The desired outcome is instead the following :
(the order of the combinations having the same sum is not important)
(0, 1, 2, 3) SUM: 6
(0, 1, 2, 4) SUM: 7
(0, 1, 2, 5) SUM: 8
(0, 1, 3, 4) SUM: 8
(0, 1, 3, 5) SUM: 9
(0, 2, 3, 4) SUM: 9
(0, 1, 4, 5) SUM: 10
(0, 2, 3, 5) SUM: 10
(1, 2, 3, 4) SUM: 10
(0, 2, 4, 5) SUM: 11
(1, 2, 3, 5) SUM: 11
(0, 3, 4, 5) SUM: 12
(1, 2, 4, 5) SUM: 12
(1, 3, 4, 5) SUM: 13
(2, 3, 4, 5) SUM: 14
A trivial solution would be to generate all the combinations then sort them according to their sum; but this is not really efficient/feasible since the number of combinations becomes huge as n grows.
I also had a quick look to combinatorial Gray Codes but I couldn't find anyone suitable for this problem.
Do you have an idea on how to implement something like this ?
EDIT :
This problem has an alternate (unfortunately not easier) formulation.
Given a set S and a number r, all the possible sums are trivial to find, since they are simply all the numbers from the sum of the first r elements of S to the sum of the last r elements of S.
That being said, if, for each sum T we can efficiently¹ find all the combinations having sum T we solve the original problem since we simply generate them in ascending order.
¹ efficiently means that I don't want to generate all the combinations and discard the ones having a different sum.
EDIT 2:
After #EricLippert suggestion I created the following code:
public static IEnumerable<T[]>
GetCombinationsSortedByIndexSum<T>(this IList<T> pool, int r)
{
int n = pool.Count;
if (r > n)
throw new ArgumentException("r cannot be greater than pool size");
int minSum = ((r - 1) * r) / 2;
int maxSum = (n * (n + 1)) / 2 - ((n - r - 1) * (n - r)) / 2;
for (int sum = minSum; sum <= maxSum; sum++)
{
foreach (var indexes in AllMonotIncrSubseqOfLenMWhichSumToN(0, n - 1, r, sum))

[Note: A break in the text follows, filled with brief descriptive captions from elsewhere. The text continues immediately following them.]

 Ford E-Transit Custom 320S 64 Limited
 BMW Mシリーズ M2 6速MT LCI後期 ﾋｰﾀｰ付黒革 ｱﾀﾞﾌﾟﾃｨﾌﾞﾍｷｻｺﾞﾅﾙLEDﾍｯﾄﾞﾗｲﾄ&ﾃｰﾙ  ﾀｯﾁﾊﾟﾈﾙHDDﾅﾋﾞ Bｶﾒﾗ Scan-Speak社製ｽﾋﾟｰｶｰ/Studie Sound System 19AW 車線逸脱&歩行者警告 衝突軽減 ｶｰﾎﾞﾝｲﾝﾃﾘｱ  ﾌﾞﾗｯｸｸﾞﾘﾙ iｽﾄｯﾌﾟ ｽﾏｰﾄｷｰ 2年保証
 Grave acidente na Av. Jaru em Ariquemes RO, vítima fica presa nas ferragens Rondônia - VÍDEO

yield return indexes.Select(x => pool[x]).ToArray();
}
}
static IEnumerable<IEnumerable<int>>
AllMonotIncrSubseqOfLenMWhichSumToN(int seqFirstElement, int seqLastElement, int m, int n)
{
for (int i = seqFirstElement; i <= seqLastElement - m + 1; i++)
{
if (m == 1)
{
if (i == n)
yield return new int[] { i };
}
else
{
foreach (var el in AllMonotIncrSubseqOfLenMWhichSumToN(i + 1, seqLastElement, m - 1, n - i))
yield return new int[] { i }.Concat(el);
}
}
}
This works fine (hopefully is what Eric meant :P) but I'm still concerned about the complexity of the recursive method. In fact it seems that we're regenerating all the combinations for each sum discarding the ones not summing up to the desired value.

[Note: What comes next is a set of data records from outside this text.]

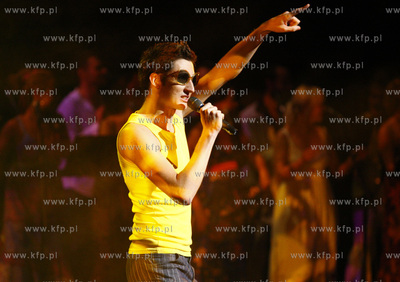 Gdynia. Teatr Muzyczny. Benefis Franciszka Walickiego...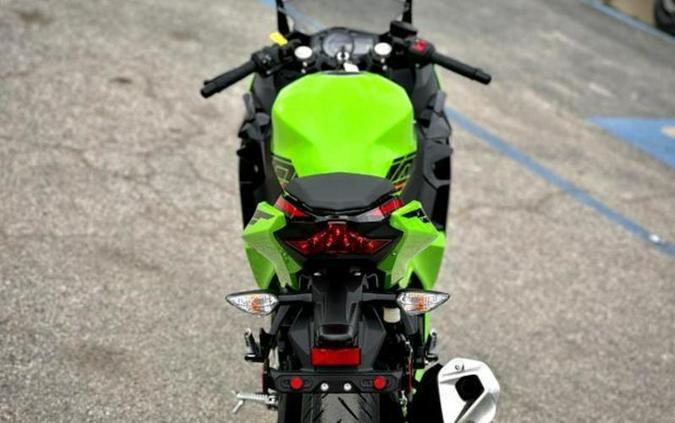 2023 Kawasaki Ninja 400 ABS KRT Edition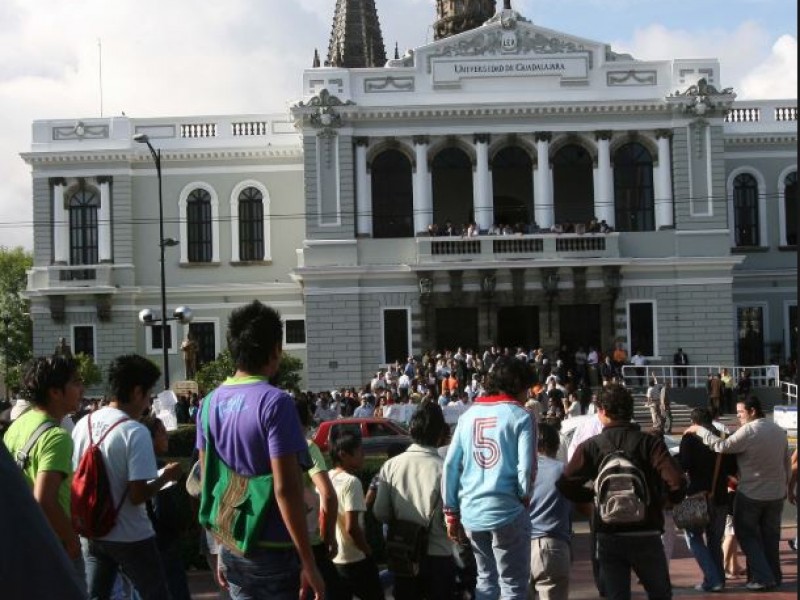 280 mil estudiantes de la UDG inician clases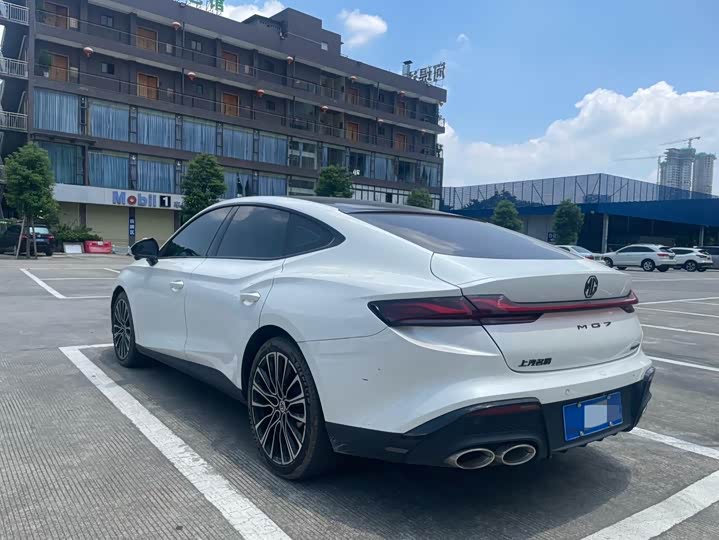 MG Motor 7 2025 2025款 1.5T 300 DCT优雅版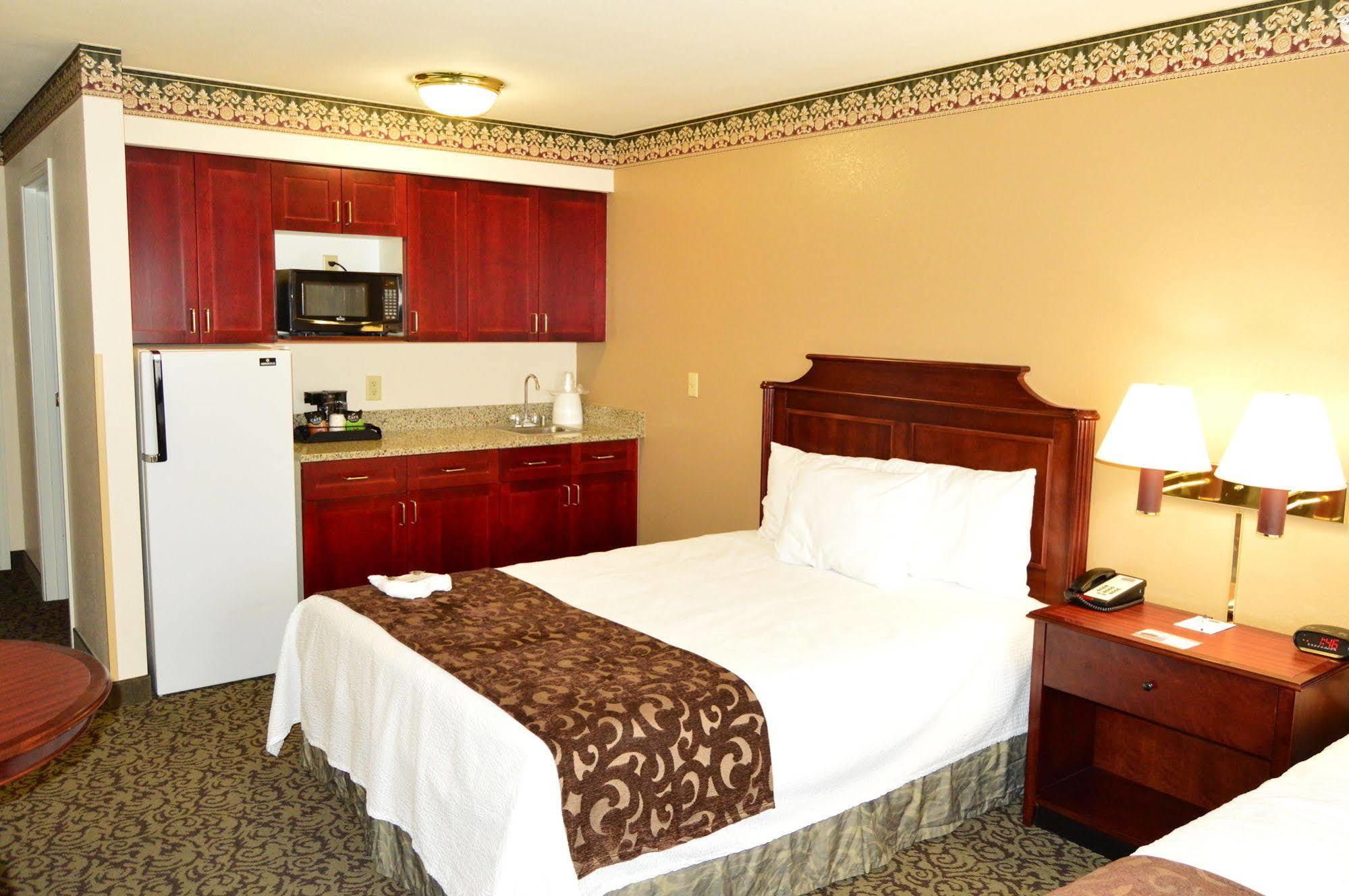Fairbridge Inn Express Dillon Bagian luar foto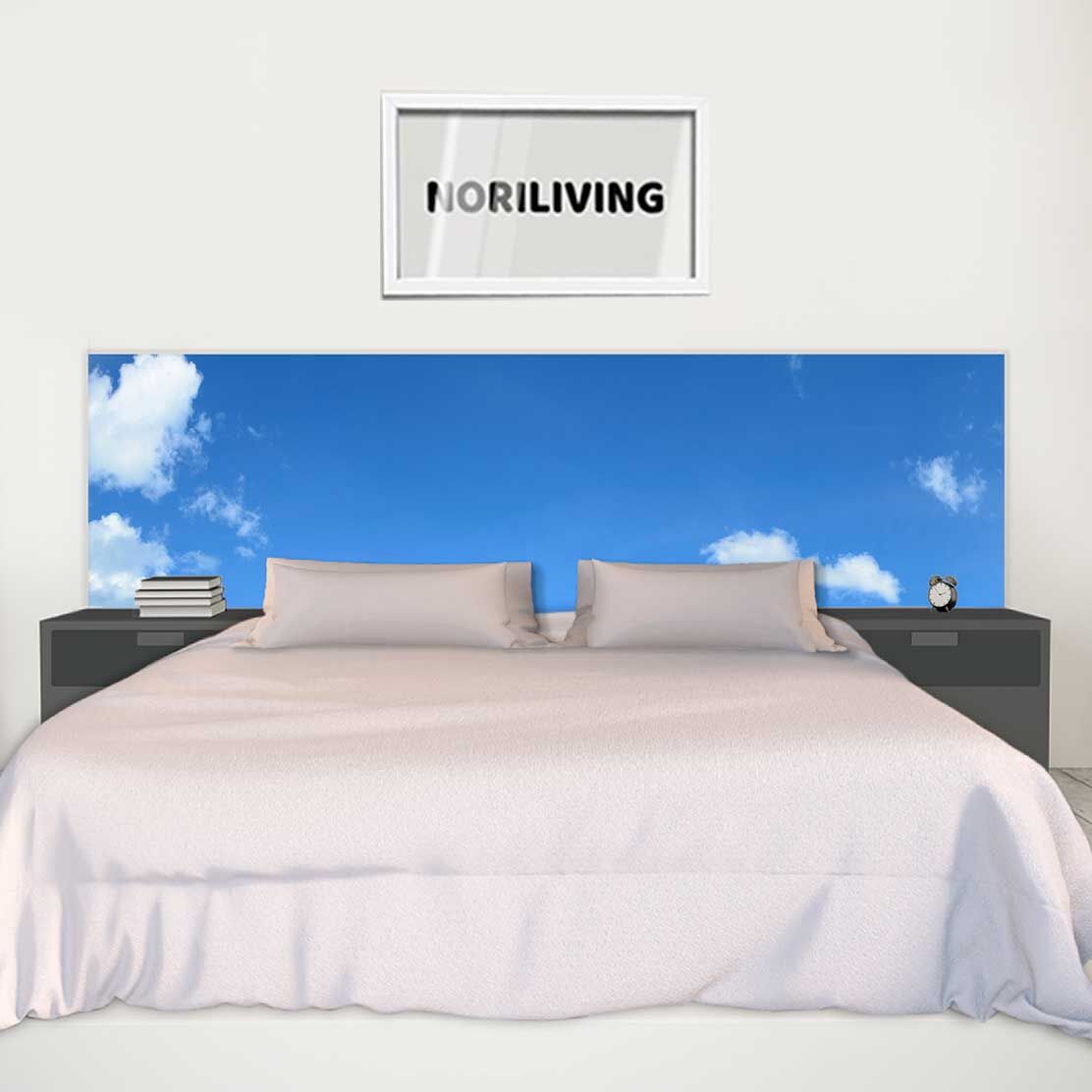 im Schlafzimmer eingebaute Bettrückwand mit Motiv blauer Himmel mit Wolken 986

To reduce the complexity of the inner function I found a way to limit the iterations by using effective upper and lower bounds (and now it's really hard to say what is the complexity of this).

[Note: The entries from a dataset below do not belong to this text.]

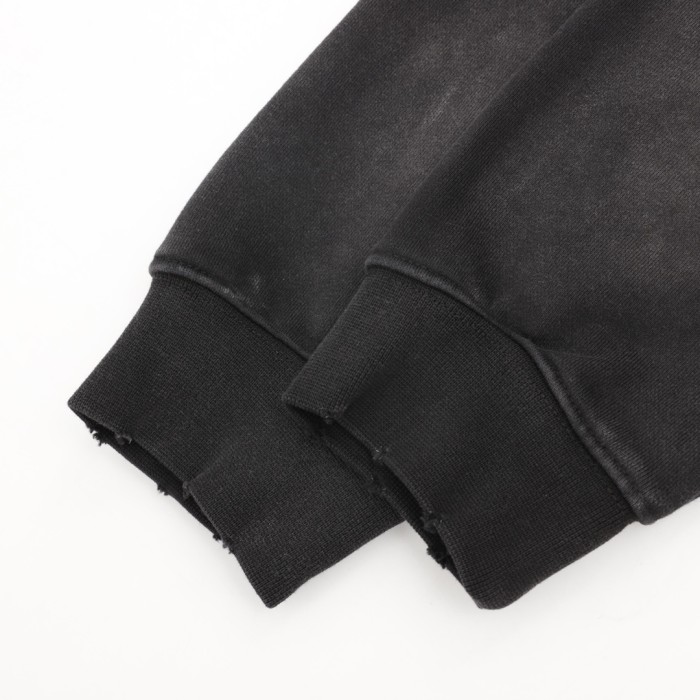 Clothes Balenciaga 550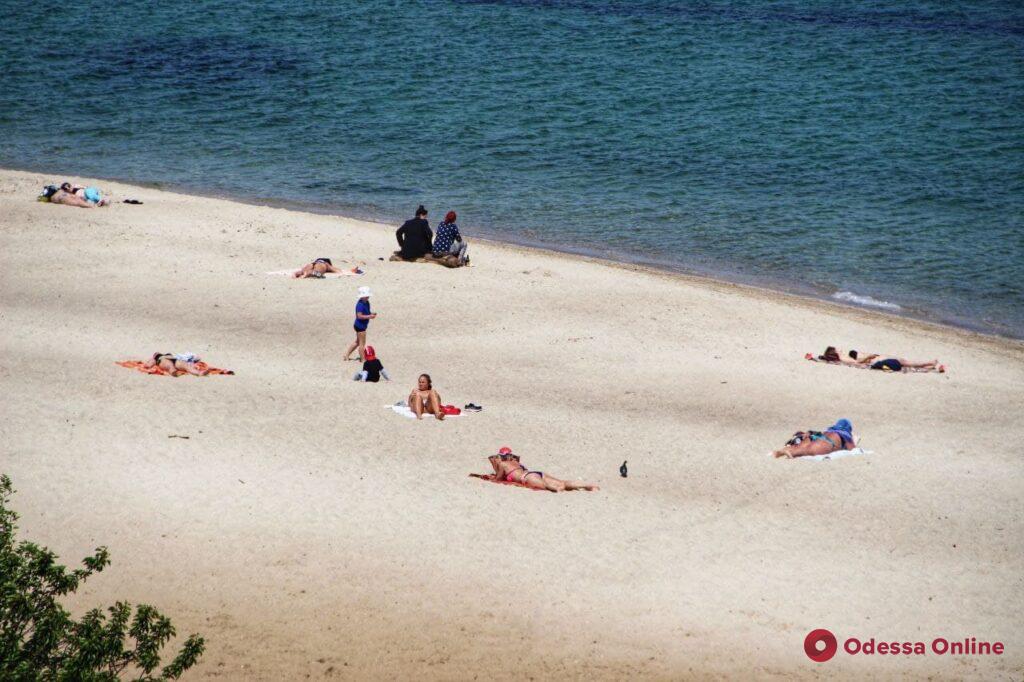 Майские пляжи в Одессе (фоторепортаж)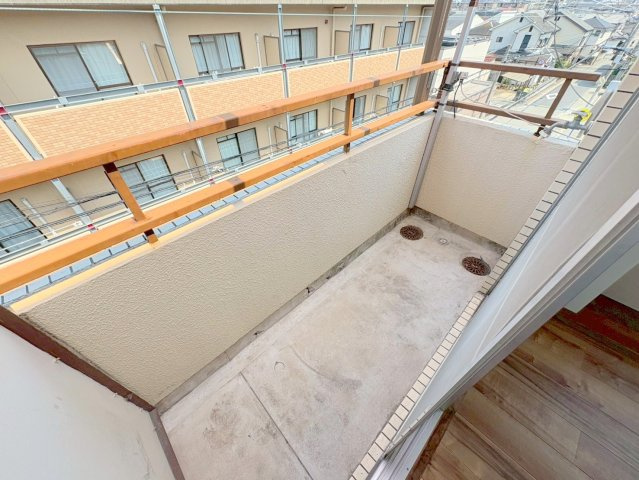宝塚ハーモニーハイツのバルコニー|外からの目が気にならないバルコニーで洗濯物が干せます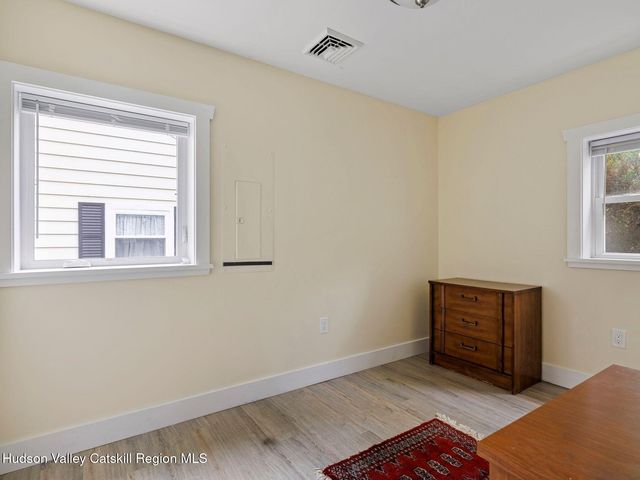 15 Browning Terrace, Kingston, NY 12401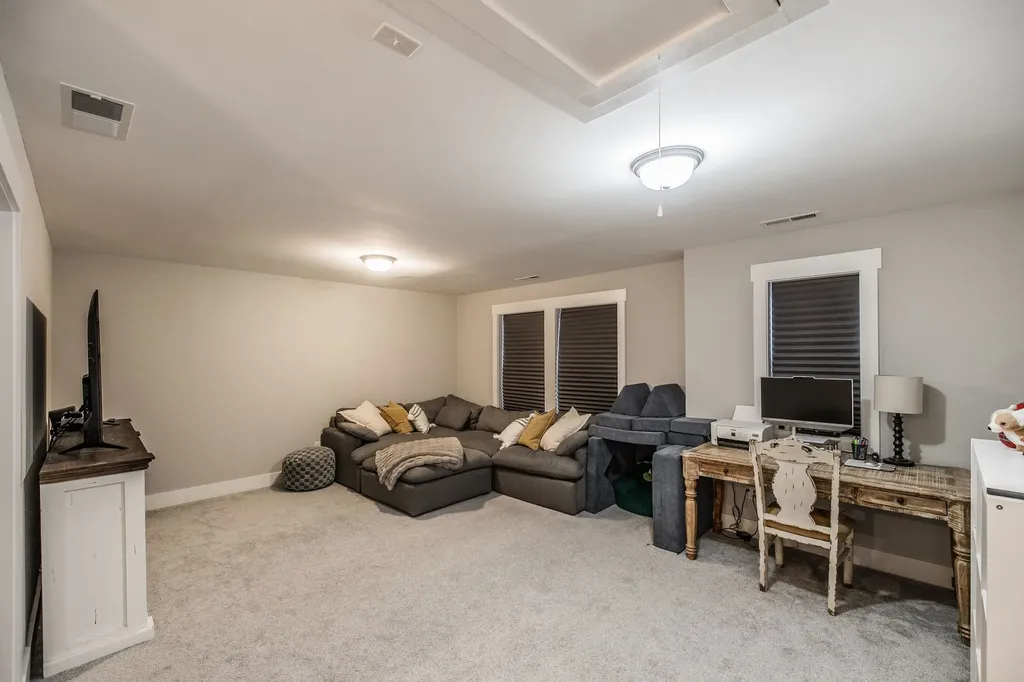 210 Woodhall Court White House TN 37188
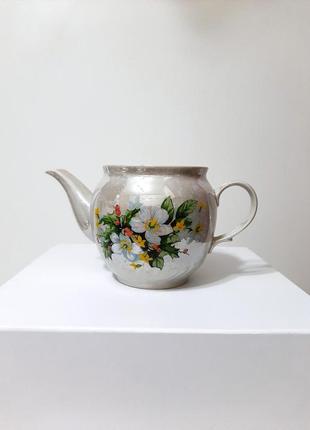 Перламутровый чайник заварочный керамический белый рисунок цветы белые, ягоды, зелёные листья1 фото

Check my answer to see the final code.

The solution I had in mind was:
using System;
using System.Collections.Generic;
using System.Linq;
class Program
{
// Preconditions:
// * items is a sequence of non-negative monotone increasing integers
// * n is the number of items to be in the subsequence
// * sum is the desired sum of that subsequence.
// Result:
// A sequence of subsequences of the original sequence where each
// subsequence has n items and the given sum.
static IEnumerable<IEnumerable<int>> M(IEnumerable<int> items, int sum, int n)
{
// Let's start by taking some easy outs. If the sum is negative
// then there is no solution. If the number of items in the
// subsequence is negative then there is no solution.
if (sum < 0 || n < 0)
yield break;
// If the number of items in the subsequence is zero then
// the only possible solution is if the sum is zero.
if (n == 0)
{
if (sum == 0)
yield return Enumerable.Empty<int>();
yield break;
}
// If the number of items is less than the required number of
// items, there is no solution.
if (items.Count() < n)
yield break;
// We have at least n items in the sequence, and
// and n is greater than zero, so First() is valid:
int first = items.First();
// We need n items from a monotone increasing subsequence
// that have a particular sum. We might already be too
// large to meet that requirement:
if (n * first > sum)
yield break;
// There might be some solutions that involve the first element.
// Find them all.
foreach(var subsequence in M(items.Skip(1), sum - first, n - 1))
yield return new[]{first}.Concat(subsequence);
// And there might be some solutions that do not involve the first element.
// Find them all.
foreach(var subsequence in M(items.Skip(1), sum, n))
yield return subsequence;
}
static void Main()
{
int[] x = {0, 1, 2, 3, 4, 5};
for (int i = 0; i <= 15; ++i)
foreach(var seq in M(x, i, 4))
Console.WriteLine("({0}) SUM {1}", string.Join(",", seq), i);
}
}
The output is your desired output.
I've made no attempt to optimize this. It would be interesting to profile it and see where most of the time is spent.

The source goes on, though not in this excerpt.